Organic, locally brewed, on-tap, vegan beer or beer in cans—when it comes to craft beer, it’s worth leveraging it to the best of your profitability. Ben Canaider reports
One-hundred-and-sixty million dollars. That’s how much the Australian craft beer market is worth. With over 150 microbreweries now in operation around the country, innovation and entrepreneurialism have become standard industry practice. Such is the success and the popularity of craft beer, IBIS World—a leading business research and analysis company—has predicted that the craft beer sector will grow by five per cent over the next five years.
What is striking about this growth is that it comes at a time when Australian beer consumption is at a 65-year low. It’s also at a time when wine consumption—both domestically made and imported wine—continues to grow.
In the meantime, it is beer that is “boutique, unique, (and therefore ‘premium’)” that has the market research analysts developing a thirst. Whereas 40 years ago, we drank beer along parochial, state-by-state lines, and 20 years ago we ‘discovered’ European beers, today the new premium beer is a beer made around the corner from your barista-operated six-star energy-rated, zero-carbon apartment complex complete with no car parks and 58 bicycle racks.
In order to cash in on this wave of consumer sentiment and spending, you have some straightforward functions to perform, regardless of your venue’s size, clientele demographics, or your geo-location (or postcode, as we used to say).
Beer by style
The Australian Amateur Brewing Championship’s Style Guidelines recognises 109 different types of beer, across 18 stylistic categories. These categories range from Low Alcohol and Pale Lager to Belgian Ales and Specialty Beers.
Admittedly, this categorisation is at the pointy end of connoisseurbeership, but it does indicate how much beer appreciation has grown in this country over the past 20 years. Getting Australians to understand that beer was not just lager, but could also be ale, was once considered an Einsteinian achievement.

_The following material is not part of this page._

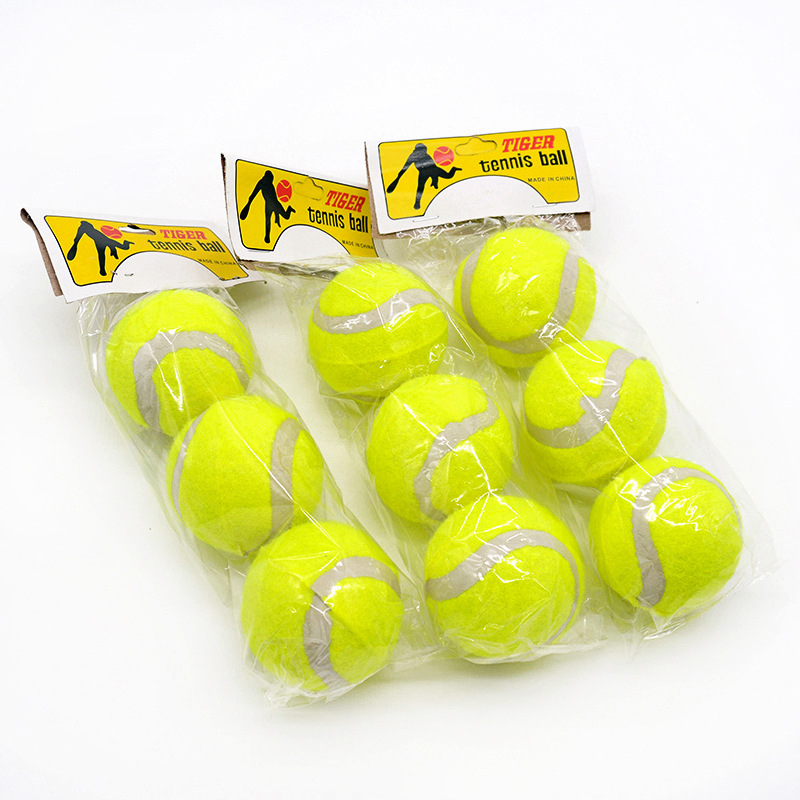 Pet tenis perro lanzar interactivo entrenamiento de perros bola micro elástica bola secundaria entrenamiento de perros juguetes al por mayor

Now, of course, that fundamental difference in beer styles is a given.
So your beer list should be one that plays to this stylistic diversity, as much as wine does. One could think of lager as white wine, and ale as red wine. This leads us too naturally into the science-fiction of food and beer matching, beer education, and niche beer trends. To wit.
Beer by education
Wine-focused restaurants have for many years now offered customers ‘wine-flights’. This might be represented as six 50ml serves of six different wines, from light whites to heavy reds, for example. It works on the long-held belief that if you trick a customer into learning something about wine or food then you manage to make them think they have discovered it all by themselves; they are henceforth convinced of their own intellect and ability and—by association—the brilliance and unrelenting quality of your premises.
So your beer list should be one that plays to this stylistic diversity, as much as wine does. One could think of lager as white wine, and ale as red wine. This leads us too naturally into the science-fiction of food and beer matching, beer education, and niche beer trends.
There’s no reason a beer-flight of six different beer styles could not achieve the same result. Small pours in small tasting glasses: a fresh lager, a pilsner, a wheat beer, a pale ale, a red ale, a stout… The flight comes with an A5 tasting note, guiding your customers through the key aromatics, bouquet, and flavours of the beers. It’s gotta be more fun than googling it. What’s more, if you were to link this beer-flight to a degustation menu, you could take the education to a whole new level.
Beer by trend or by niche
Gluten-free beer? If you can get rid of the barley that’s made to make beer, then you can make a beer that’s free of the gluten that affects people with coeliac disease (one in 70 Australians), not to mention the people who have decided to be gluten-free for their own dietary, health and wellbeing concerns—and that’s about 12 per cent of Australians, according to a CSIRO report in 2016.
Victoria’s Two Bay Brewing Company, on the Mornington Peninsula, makes a gluten-free pale ale, using malted rice, millet and buckwheat. It is labelled as “refreshingly gluten free”.Of course, organic has been a handy addition to many a beer bottle’s label in recent times, as has the strange phrase ‘low-carb’.
Beer by glass
If there’s one clever trick that helps beer be understood as a multi-tiered, multi-layered individual, it’s the beer glass. There’s no one glass for all beer nowadays. A tall, thin one for pilsner and lager? A low, fat one for porters and stouts? A tulip-shaped glass for Belgian beers? In this regard, beer is mirroring wine’s complexity once more.
Speaking of which, let’s look at wine’s growing consumption. Wine, by its association to a vineyard and a winemaker, tells a story. And a story turns a product into something else. And that’s what drinkers think they want. Something real—not some fake, cynically invented product that satiates base desires.
I could go on here and get all sociological but I think I’ll open a longneck of Melbourne Bitter and re-watch Ridley Scott’s Blade Runner. Again.